La salud del presidente y la fortaleza institucional

El asunto más relevante de los últimos días ha sido el contagio del presidente de la república por Covid, desatando todo tipo de especulaciones y suspicacias.

El asunto más relevante de los últimos días ha sido el contagio del presidente de la república por Covid, desatando todo tipo de especulaciones y suspicacias a causa de la escasa información vertida sobre el tema de su enfermedad, estado y evolución.

Absolutamente natural es la preocupación por la salud del jefe del Estado en cualquier circunstancia, dadas las altas responsabilidades que se conjugan en su investidura y, más aún, cuando en una sola persona se resumen tres relevantes jefaturas: la del estado mismo, del gobierno federal y de la administración pública, amén de la comandancia suprema de las fuerzas armadas y, para el caso práctico, la dirigencia de un movimiento político que se ha establecido como meta la transformación de la vida pública de México.

Al margen de los rumores, muestras de solidaridad y comentarios adversos y hasta soeces difundidos abundantemente en medios y, particularmente, en redes sociales, la circunstancia por la que atraviesa el mandatario, susceptible como cualquier persona de padecer problemas de salud, pone de manifiesto, una vez más, la relevancia y trascendencia de contar con un entramado institucional sólido, eficaz y funcional, con equilibrios claros que otorguen razonable certidumbre de continuidad ante adversidades o eventos no deseables pero posibles.

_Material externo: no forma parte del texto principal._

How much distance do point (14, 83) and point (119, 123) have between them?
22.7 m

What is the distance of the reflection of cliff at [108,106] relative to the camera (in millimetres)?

Nuestro sistema político y administrativo, fue concebido desde sus orígenes, sobre la base del liderazgo centrado en un solo individuo con una amplia gama de facultades, la historia dio muestra de los inconvenientes que esta fórmula presidencialista conlleva y paulatinamente, con altos y bajos, se fueron robusteciendo los frenos y contrapesos al poder omnímodo y se buscó la profesionalización y tecnificación del aparato burocrático con la finalidad de racionalizar la toma de decisiones en los múltiples frentes del quehacer nacional.

La tendencia observada en la orientación de la política del actual gobierno, con su intención transformadora, evidencia el retorno a tiempos que se creían salvados desde el siglo pasado, se avanza en la reconcentración del poder y la neutralización de los contrapesos mediante la captura de espacios y la pretendida cancelación de entidades autónomas por onerosas o disfuncionales.

La administración pública se desdibuja frente a la preeminencia de la imagen del ejecutivo. No son pocos los señalamientos respecto a la fragilidad, carencia de experiencia y falta de capacidad técnica en cargos relevantes del aparato administrativo.

En un escenario como este, la salud del presidente, su capacidad de gobierno, se torna aún más relevante y crítica, pero, sobre todo, evidencia la importancia de contar con instituciones sólidas que mantengan la marcha del país en estándares razonablemente funcionales, a pesar de la adversidad. Se pone en juego, de otra manera, la estabilidad política, social y económica de la nación.